Benzeri olmasa da, sorunlu bir durum yaşayan siyasetçilerden biri CHP Milletvekili Sena Kaleli oldu.

CHP’nin görevinin sadece Atatürk’ün bekçiliği olmadığını vurgulamak için sarf ettiği bir cümle, peşini bir türlü bırakmıyor.

Önceki gün sol düşüncenin etkili organlarından Odatv’de eski bakanlardan Suat Çağlayan, Sena Kaleli’ye çakan bir yazı kaleme aldı.

“Kamil Koç’un kemikleri sızlıyordur” başlığıyla verilen yazıya baktım, yeni bir unsur var mı diye?

Sena Kaleli, daha önceki konuşmasıyla ilgili olarak “Sözlerimin arkasındayım” demiş, Suat Çağlayan da eski defteri bir kez daha açmış!

Yazının başı genel bir giriş, son bölümünde şunları yazmış Prof. Dr.

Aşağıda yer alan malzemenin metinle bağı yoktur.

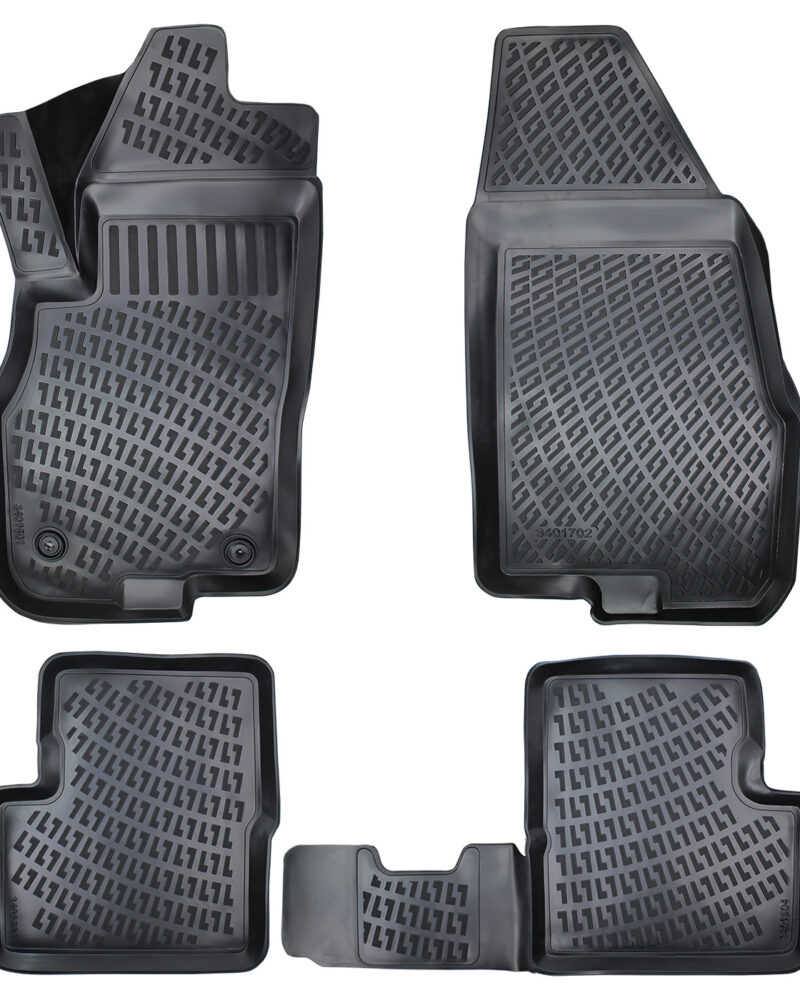 Rizline Fiat Punto Evo / 3D Tam Uyumlu Havuzlu Paspas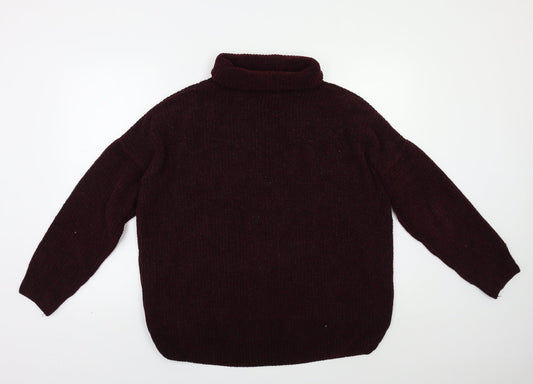 Primark Womens Red Pullover Jumper Size S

Suat Çağlayan:

“KAMİL KOÇ’UN KEMİKLERİ SIZLIYORDUR

Aslında insanın içini acıtan başka bir nokta daha var: Kendini, Atatürk’ün ilkelerini korumak zorunda hissetmeyen Sena Kaleli hanım, Cumhuriyetin ilk yıllarında iş yaşamına başlamış ve Atatürk sayesinde önemli bir işadamı olmuş Kamil Koç’un torunu imiş!

Eminim, torununun Atatürk için söyledikleri nedeniyle rahmetli Kamil Koç’un kemikleri sızlıyordur…

2014’ün sonunda, ülkemiz adına böylesine yürek yakan olaylardan söz etmek elbette üzüntü verici…

Ama bu gidişle 2023’e her yaklaştığımız yılın sonunda daha da acı şeyler yazacağız…

Ne olur, bu bir karabasan olsun ve biri bizi uyandırsın!”

XXXXXX

Hani Orhan Veli’nin ünlü şiiri var ya, “Hiçbir şeyden çekmedi, nasırından çektiği kadar!” diyor Süleyman Efendi için…

Sena Kaleli de hiç bir şeyden çekmedi, “Dilinden çektiği kadar!”